• _Task statement_:
Whatever lies between the line that holds "gray sleeveless slit column bridesmaid gown" and the final line of the records below, both included, should be repeated exactly; leave out the pictures and add nothing.

########

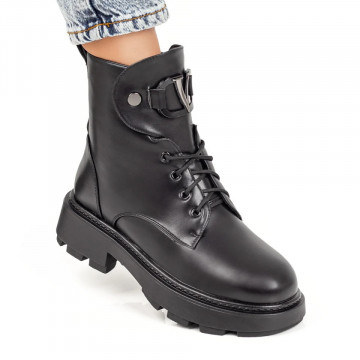 Ghete dama negre cu siret si fermoar MOD07024, 3, modlet.ro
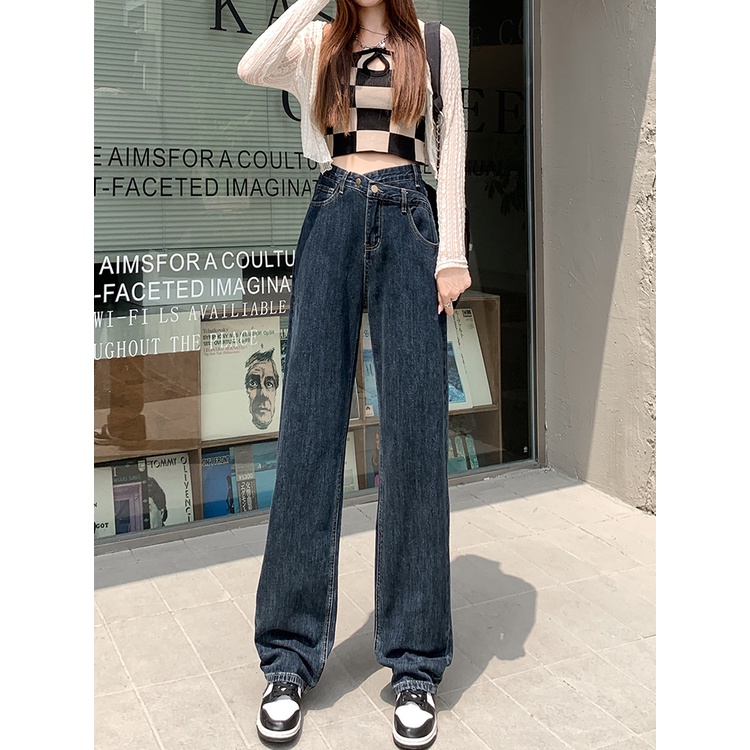 EUNII Celana Jeans Wanita Retro Boyfriend High Waist Korean Style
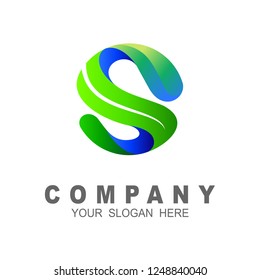 Letter s with green leaf logo concept perfect for health and green related business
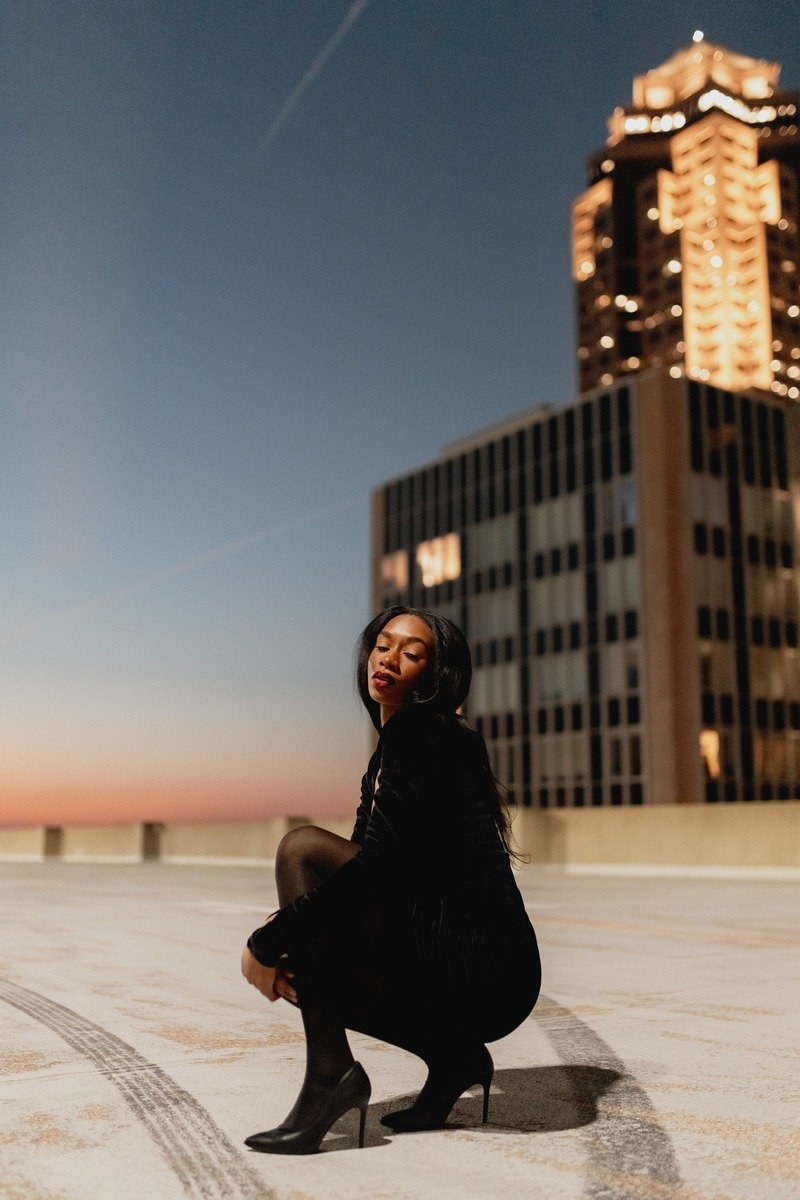 Head to toe black evening outfit
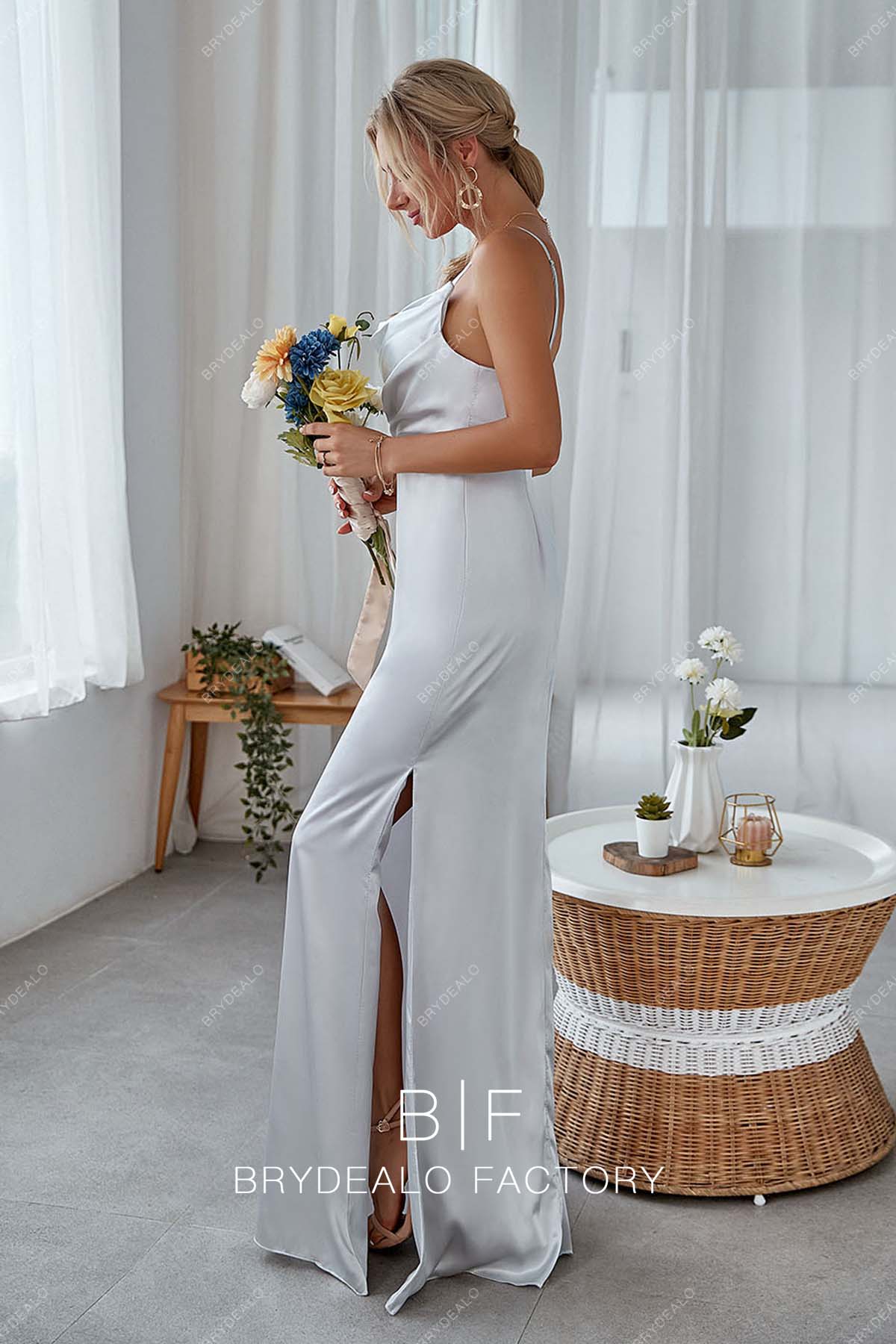 gray sleeveless slit column bridesmaid gown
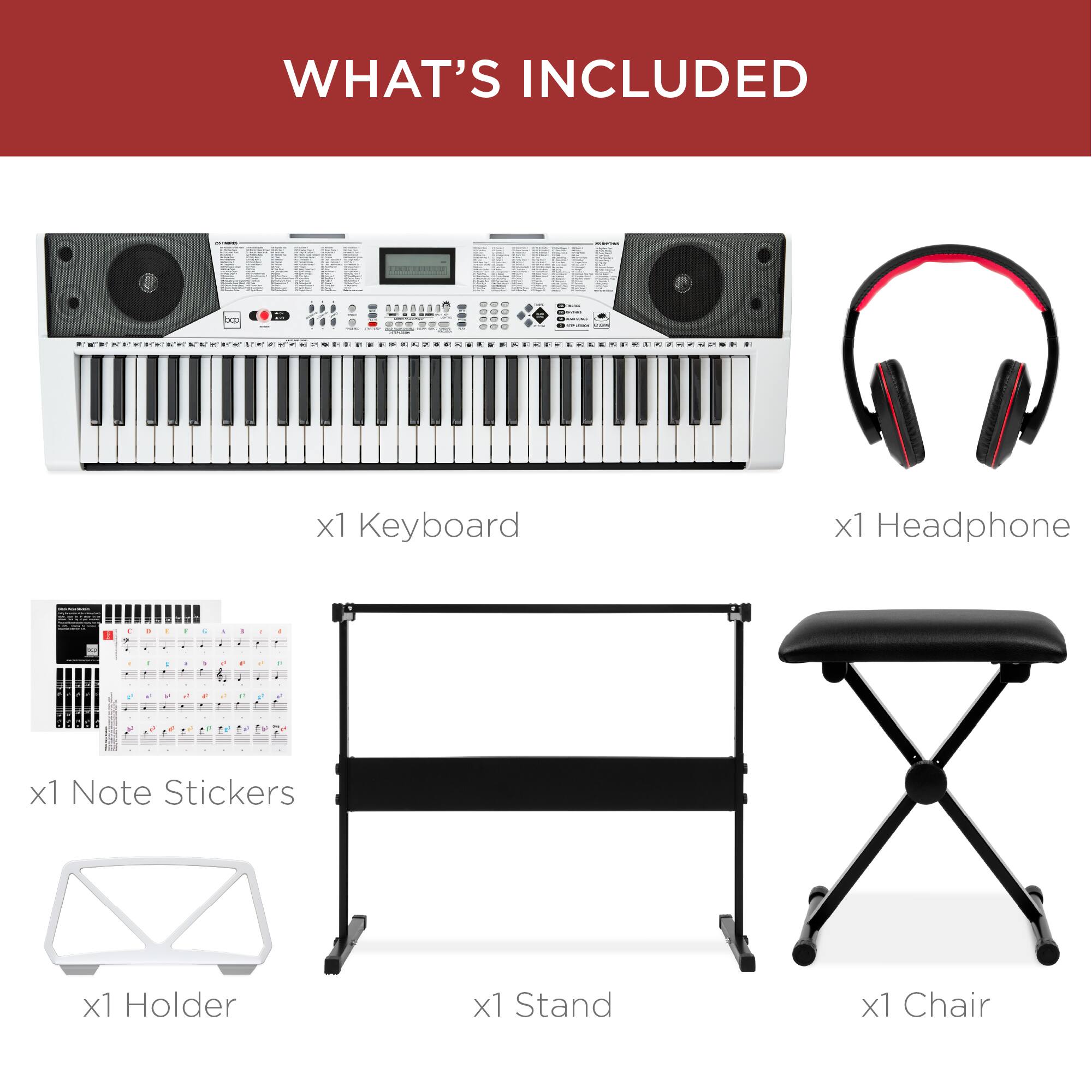 WHAT'S INCLUDED

x1 Keyboard  
x1 Headphone  
x1 Note Stickers  
x1 Holder  
x1 Stand  
x1 Chair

########

• _Result below_:
 gray sleeveless slit column bridesmaid gown
 WHAT'S INCLUDED

x1 Keyboard  
x1 Headphone  
x1 Note Stickers  
x1 Holder  
x1 Stand  
x1 Chair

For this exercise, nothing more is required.